Rock'n'文学

猫ときどき小説書き

【講師のいる読書会】2021年12月4日第9回町田康さんと本を読む「いかれころ」三国美千子 於:大磯 カフェ・マグネット

下僕:あー、閣下ー、おいでにならないかなー。ご報告したいことがあるんですけどねー(棒)。って呼んだって出てこないですよね、なんたって気ままなイデアであらっしゃりますからね。ま、こないものはしょうがない。一人で寂しくまとめ記事的な感じで

やっちゃおうかな。昨日の読書会、大磯にて町田康さんと本を読む、まさにこの世の極楽、愉悦の極み。会場の前に貼られていたポスターはこれまでとデザインを一新、なんか高級感でたわぁ。

 

まめ閣下:おい、あいかわらずひどい写真だにゃ。

下僕:あ、出た。

まめ閣下:おいでになった、と言ひたまい。まあ、いいや。無駄口叩かず本題に入ろうではないか。今回の課題図書はなんだったんだい?

下僕:あれま、さくさく進行されますな。
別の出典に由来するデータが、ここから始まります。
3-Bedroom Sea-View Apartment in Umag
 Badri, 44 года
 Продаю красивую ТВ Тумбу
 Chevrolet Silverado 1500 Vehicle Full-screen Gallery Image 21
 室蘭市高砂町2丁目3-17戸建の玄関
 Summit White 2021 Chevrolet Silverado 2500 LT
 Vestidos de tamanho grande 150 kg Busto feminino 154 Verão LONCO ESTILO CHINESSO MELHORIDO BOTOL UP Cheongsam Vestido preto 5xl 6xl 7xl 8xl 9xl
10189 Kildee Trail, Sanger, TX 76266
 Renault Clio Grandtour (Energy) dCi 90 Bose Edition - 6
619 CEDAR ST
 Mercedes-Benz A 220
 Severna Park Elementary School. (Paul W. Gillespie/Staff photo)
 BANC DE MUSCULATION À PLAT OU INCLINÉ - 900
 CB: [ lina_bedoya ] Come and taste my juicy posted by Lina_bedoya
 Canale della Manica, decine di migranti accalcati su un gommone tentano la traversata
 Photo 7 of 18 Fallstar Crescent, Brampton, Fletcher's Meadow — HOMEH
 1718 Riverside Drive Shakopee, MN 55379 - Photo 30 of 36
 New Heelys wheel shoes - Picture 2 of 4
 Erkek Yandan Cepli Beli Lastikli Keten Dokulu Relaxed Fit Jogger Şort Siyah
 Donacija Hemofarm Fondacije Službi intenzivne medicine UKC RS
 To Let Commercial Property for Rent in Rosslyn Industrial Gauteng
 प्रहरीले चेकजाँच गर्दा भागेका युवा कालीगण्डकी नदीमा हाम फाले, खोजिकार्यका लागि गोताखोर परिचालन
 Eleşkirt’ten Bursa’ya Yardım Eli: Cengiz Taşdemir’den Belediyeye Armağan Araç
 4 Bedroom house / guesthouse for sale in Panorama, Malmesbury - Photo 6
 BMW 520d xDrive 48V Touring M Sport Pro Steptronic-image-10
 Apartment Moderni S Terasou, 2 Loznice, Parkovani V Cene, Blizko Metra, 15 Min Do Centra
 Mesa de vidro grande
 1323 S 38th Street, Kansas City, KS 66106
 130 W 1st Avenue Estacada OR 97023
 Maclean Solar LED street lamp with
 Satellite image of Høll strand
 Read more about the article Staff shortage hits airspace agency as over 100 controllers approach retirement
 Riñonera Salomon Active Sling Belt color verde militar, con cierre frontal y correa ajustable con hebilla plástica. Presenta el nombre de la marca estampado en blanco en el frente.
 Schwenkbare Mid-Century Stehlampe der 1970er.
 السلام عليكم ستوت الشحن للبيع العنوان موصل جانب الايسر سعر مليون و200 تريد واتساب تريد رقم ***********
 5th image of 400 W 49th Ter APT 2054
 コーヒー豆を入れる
イデアになるとなんか事務能力とか向上するんですか?

まめ閣下:そうだなぁ、完璧なイデアとなって昨日でまる二ヶ月・・・って、横道に話を逸らすんではない。課題本は、何であったか、と訊ねておる。

下僕:しゅん。せっかくおいでになったんだからちょっとくらいふざけたっていいじゃないですかぁ・・・ぶつぶつ・・・えっと、昨日の読書会の課題はこちらです。三国美千子著「いかれころ」。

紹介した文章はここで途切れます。